The new outlook from the Congressional Budget Office is being read as good news. Growth continues. Inflation drifts down. Unemployment stays low. Taken at face value, it looks like an economy that has steadied itself. A closer read tells a different story. 

In a healthier economy, you would expect stronger growth to come from rising productivity and labor force expansion. Inflation would be clearly moving back to target, allowing the Federal Reserve to cut rates because it could. In a healthier fiscal environment, interest costs would ease as confidence in the long-term outlook improved, meaning fewer taxpayer dollars would be needed just to pay interest on federal debt.  

None of that is what CBO is describing. 

Start with growth. CBO projects faster growth in 2026. Except, the increase comes largely from a short-term boost tied to the 2025 reconciliation law, which pulls tax changes, incentives, and spending forward, and from federal spending delayed by last year's shutdown that is pushed into early 2026. In both cases, demand is shifted into the present rather than sustained over time, lifting growth temporarily and leaving future years with less momentum because that activity has already occurred. Once those effects fade, growth drops back below 2 percent. 

The labor market points in the same direction. Employment rises in 2026 and then slows. Unemployment barely moves. In a stronger economy, that stability would reflect robust labor supply meeting demand.

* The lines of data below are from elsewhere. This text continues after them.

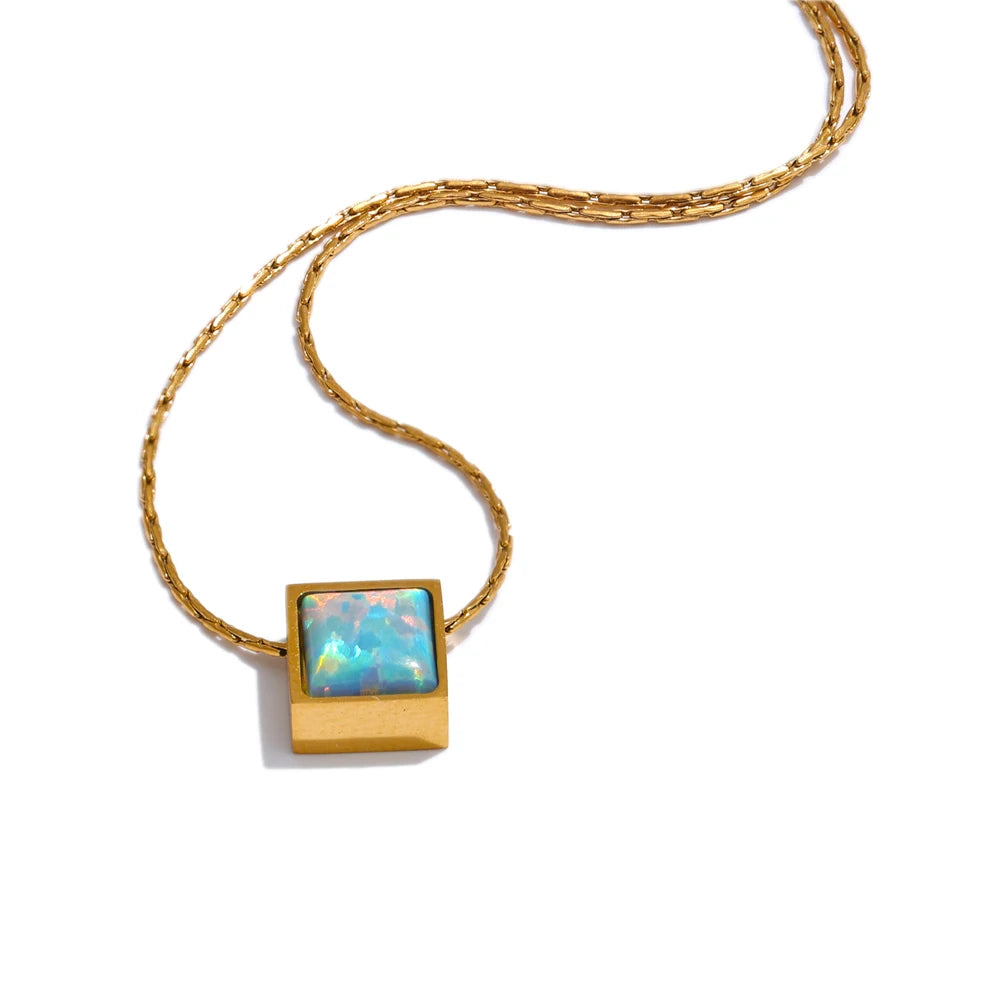 Opal Stone Necklace | Natural Stone & 18K Gold PVD
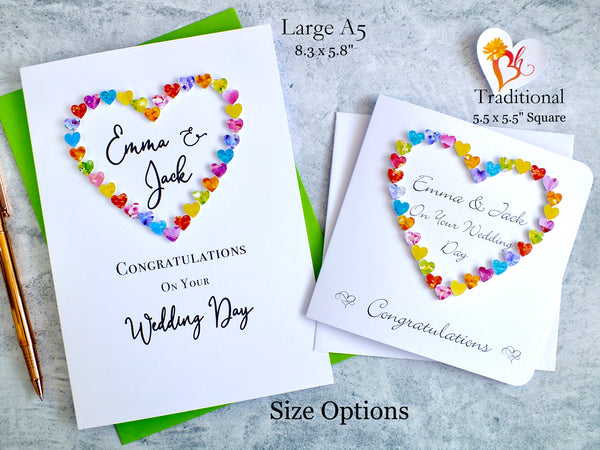On Your Wedding Day Card - Hearts, Personalised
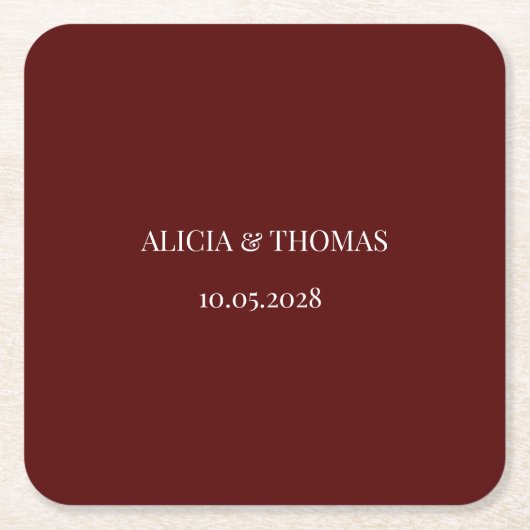 Burgundy Modern Initials Minimalist Wedding  Kartonnen Onderzetters (Voorkant)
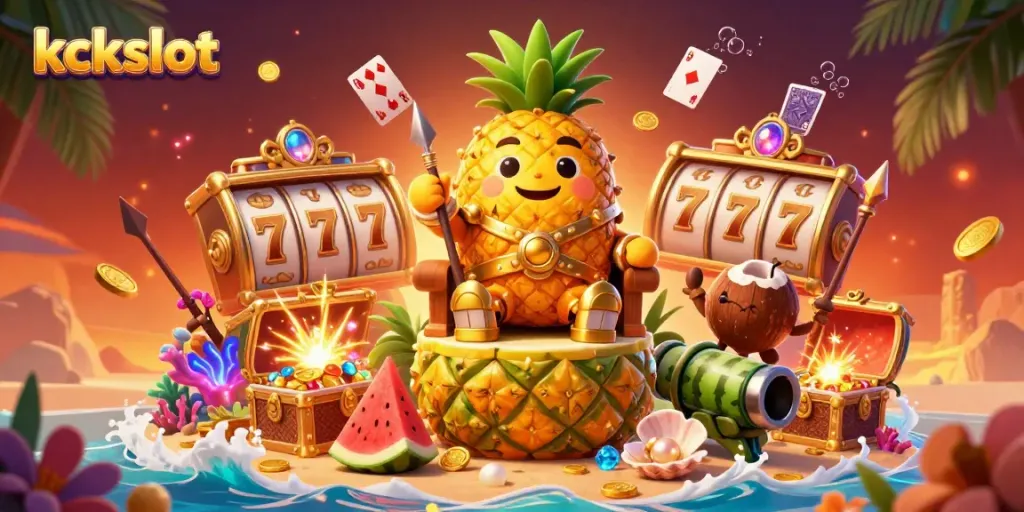 Kckslot menawarkan pengalaman bermain slot yang mendebarkan dengan raja nanas emas dan elemen permainan menawan di kasino pantai.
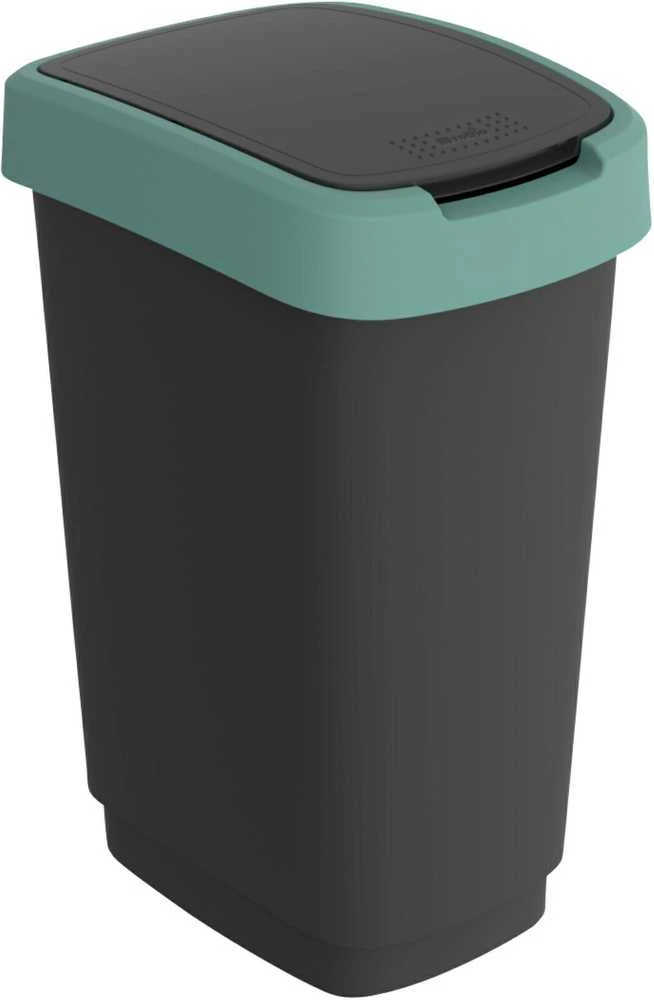 Šiukšliadėžė Rotho Twist, juoda/tamsiai žalia, 25 l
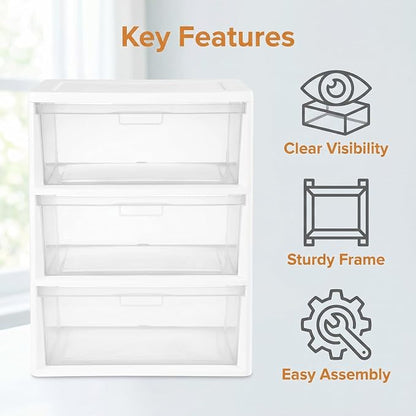 Wide 3 Drawer Tower, Plastic Storage Drawers - Image 8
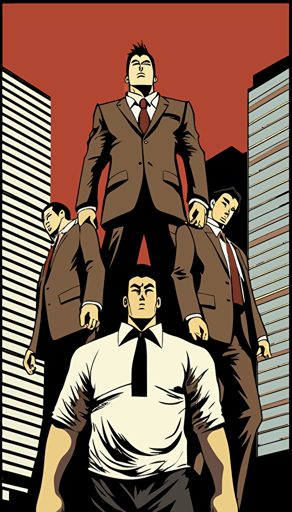 a rooftop where two yakuza gangster holding a man headfirst over the edge of the bulding threatening to let him fall, yakuza, manga comic style, simple vector illustration, flat design, cover, simple city background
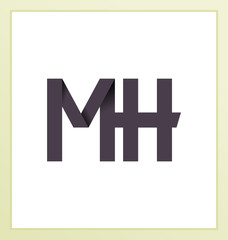 MH Two letter composition for initial, logo or signature.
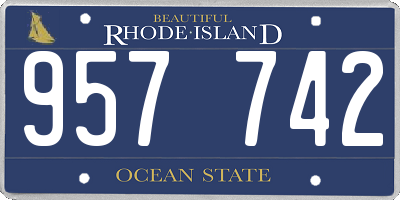 RI license plate 957742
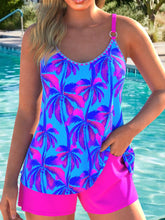 Women's Resort Coconut Tree Print Two Piece Swimsuit Set
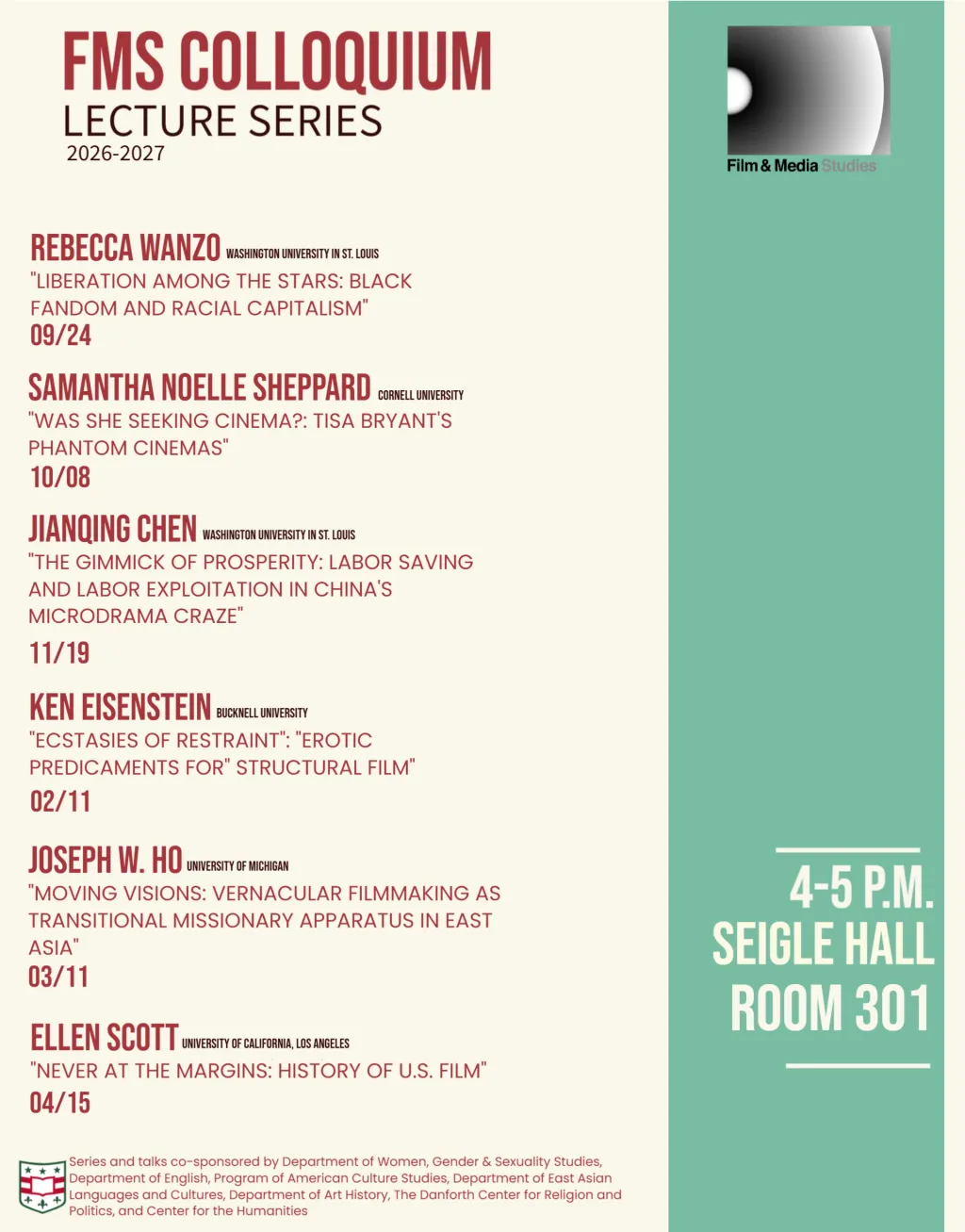 FMS Colloquium Lecture Series 2026-2027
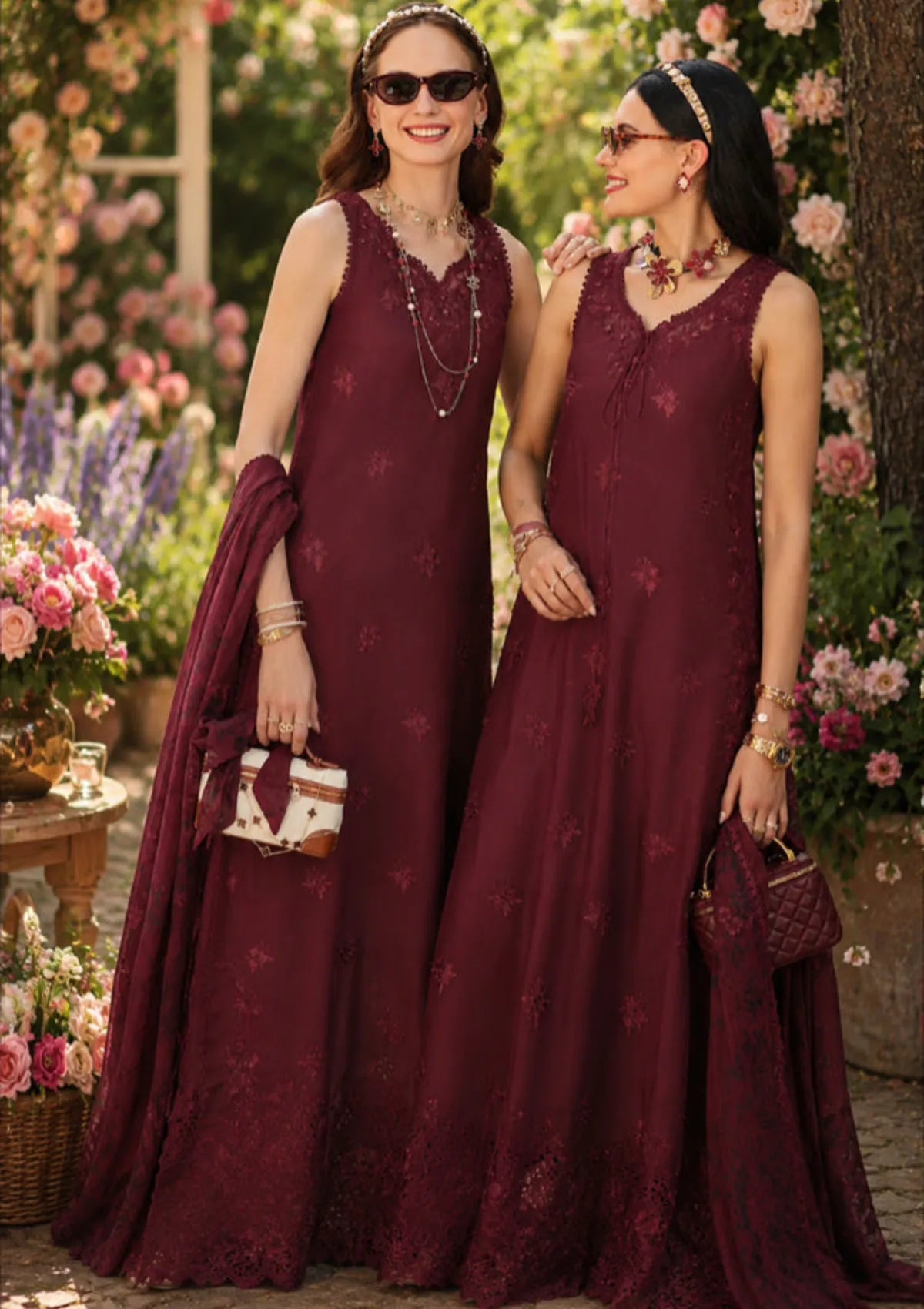 Noor By Saadia Asad Eid Luxury Printskhas'26 D-10 Burgundy
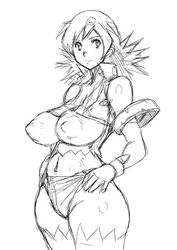  00s breasts female female gloves hair_ornament large_breasts long_hair looking_at_viewer monochrome naomi_fluegel shorts smile solo spiked_hair zoids zoids_shinseiki/zero 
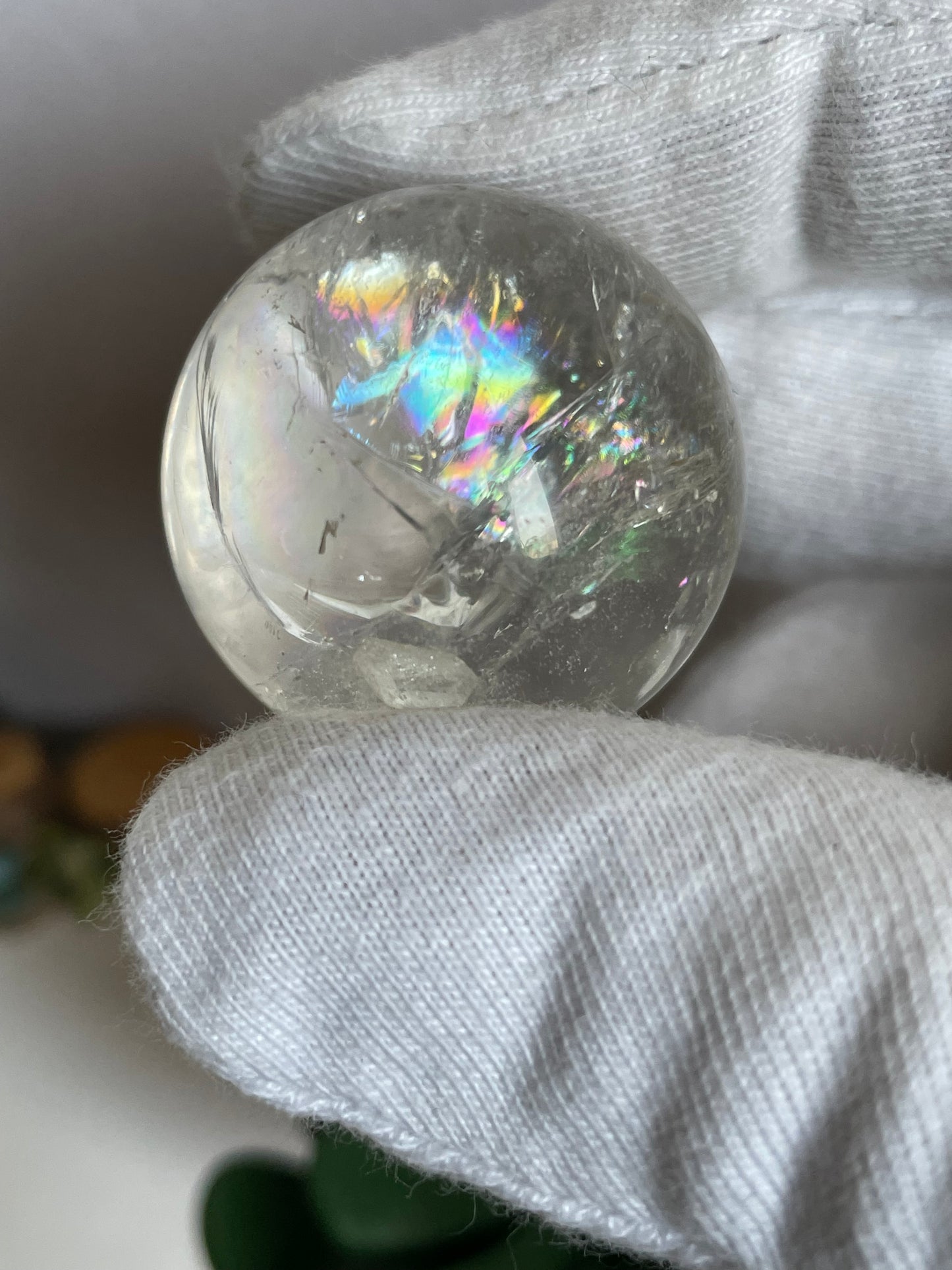Rainbow Clear Quartz Sphere Gemstone Crystal - S1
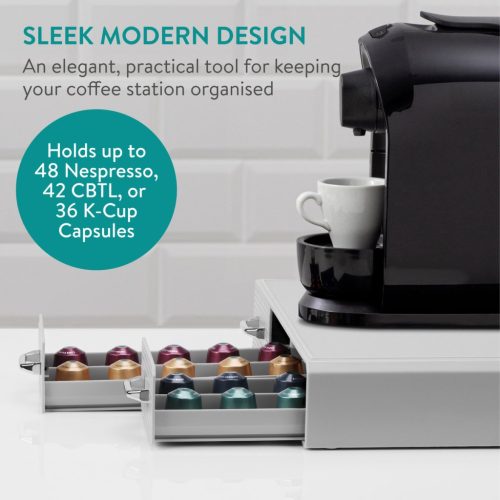 Set suport aparat cafea 3 sertare pentru capsule si organizator 2 sertare pentru consumabile Navaris, gri,  NAV000018GT002C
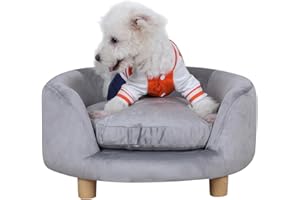 Dog Sofas and Chairs/Dog Beds with Soft Velvet Fabric/Sturdy Pet Sofa Bed/Wooden Frame Cat Bed/Dog Couch with Washable Comfor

In CBO's forecast, it reflects constraints on both sides. Labor demand softens after a brief boost, while labor force growth remains weak, largely because net immigration is lower. Stability here isn't a sign of strength. It's a sign of limited capacity. 

Inflation makes the constraint even clearer. In a cleaner recovery, you would expect inflation to fall back to the Federal Reserve's target and stay there. Instead, CBO projects inflation remaining above target for several years, pushed up by tariffs and near-term demand. At the same time, the Fed is expected to cut short-term interest rates in response to labor-market weakness. That combination matters. Policymakers are easing monetary policy not because inflation has been beaten, but because the economy can't tolerate tighter conditions. They're choosing between imperfect options, not responding to a problem that's been solved. 

Interest rates. Short-term rates fall as the Fed responds to near-term risk. Long-term rates rise as investors demand greater compensation to hold federal debt over time. In a more resilient fiscal and economic environment, those rates would tend to move together. Their divergence suggests markets remain uneasy about the long run, even as the Federal Reserve steps in to manage the near term. 

What's most striking is how little all of this changes the broader outlook. Despite new legislation projected to add roughly $3.4 trillion to deficits over the next decade—and trillions more once additional interest costs are included—along with tariff changes, revised immigration assumptions, and expected productivity gains from artificial intelligence, CBO says the trajectory through 2028 looks much like it did last fall. The takeaway is that these policy changes are simply shifting the timing of growth and inflation, not improving the fundamentals. 

So, the economy is holding together, but it isn't being put on a stronger footing. At the same time, higher long-term interest rates and soaring debt mean more federal dollars will be devoted to servicing past borrowing, leaving fewer resources for priorities like infrastructure, defense, and disaster response, and increasing the economy's vulnerability. That's the real story CBO's numbers quietly tell.